Sunday, December 15, 2024

Now Is All You Have. What Will You Do With It?

 

Photo by Ales Krivec on Unsplash

I sat across the room from my grandfather, my mom’s dad. Mom had only been gone a few years, and now that I had my own car I could visit her parents whenever I wanted.

Grandpa Joe served in the Navy aboard the USS Caravan minesweeper. Grandpa picked up smoking and drinking in the Navy, and there were times when he did swear like a sailor. I already knew which words were off-limits and never would have tried any of those words my grandpa said out on my friends.

Even after Grandpa Joe stopped smoking (inside anyway), the smell always lingered, but the smell never bothered me. After he passed, I could still detect the smell in the old furniture, but it was, to me, a beautiful reminder of the relationship I had with him.

After his service in the Navy, Grandpa Joe worked tirelessly for his family. When I was young and my mom was sick, it was Grandpa Joe’s hard work that often provided a little extra for our family. As a kid I never knew that, and my grandparents on both sides were never looking for credit or praise for what they did.

They were really the best kind of grandparents a kid could ask for. They’re all gone now, and today I miss them more than usual.

Back to Grandpa Joe’s living room. He’d just pulled out a book of neatly scribed logarithm tables that he’d created with nothing more than his keen mind and a slide rule.

His job at EIMCO Steel was to make sure the computer was doing its calculations correctly so he’d painstakingly created that book of logarithms to help him do just that.

Today, most of us don’t question a computer’s output, but his job was to ensure the room-sized mainframe computer was calculating things correctly.

I was studying Mechanical Engineering at the time, and he told me frequently that I always needed to know what the computer was doing to make sure it was accurate. He was an unwitting pioneer of the idea “garbage in, garbage out.”

People who lived their lives before technology was ubiquitous were better at being present. It was certainly a character trait all my grandparents had. When I talked to any of them, what I had to say was all that mattered in the moment, regardless of the subject matter.
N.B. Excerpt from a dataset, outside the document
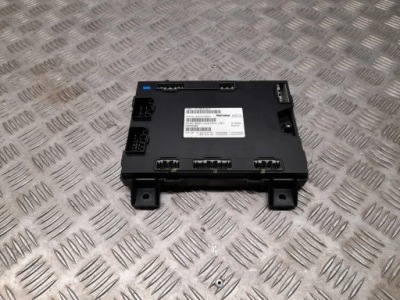 Tesla model s 101090600c з передній модулі комфорту фото №1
That’s a gift every loving grandparent has: the ability to be absorbed by the lives of their grandchildren.

Looking back with perhaps a bit more mileage in my own life, it’s easier for me to see that the lessons weren’t about computers or calculations. They were about paying attention to details, to people, and to that moment. Grandpa Joe’s life, like my other grandparents, was and is an example of being present. When I was with them, they listened. I remember my dad’s dad, Grandpa Tom, asking me lots of questions about school even though I know the later years of my education were way over his head. That didn’t stop him from taking a keen interest in what was interesting to me.

That kind of personal focus seems rare now. Our days are pulled in so many different directions — notifications, obligations, scrolling, distractions — that we forget to stop and ask ourselves: what really deserves our attention? It’s not easy to pause long enough to answer that question let alone refocus our efforts on what matters most. So often, we’re caught in a tide that requires tremendous determination to escape.

As I’ve gotten older, those moments from years long ago have become increasingly important to me. I’ve started looking back and seeing the lessons they were teaching perhaps without even trying. Unintentional lessons often come from people who are just doing their best to help others navigate the frenzied pace of life today.

If now’s all we really have, what will we do with it? Do we continue to rush through life, always looking forward to the next thing, or will we slow down, pay attention, and make it count?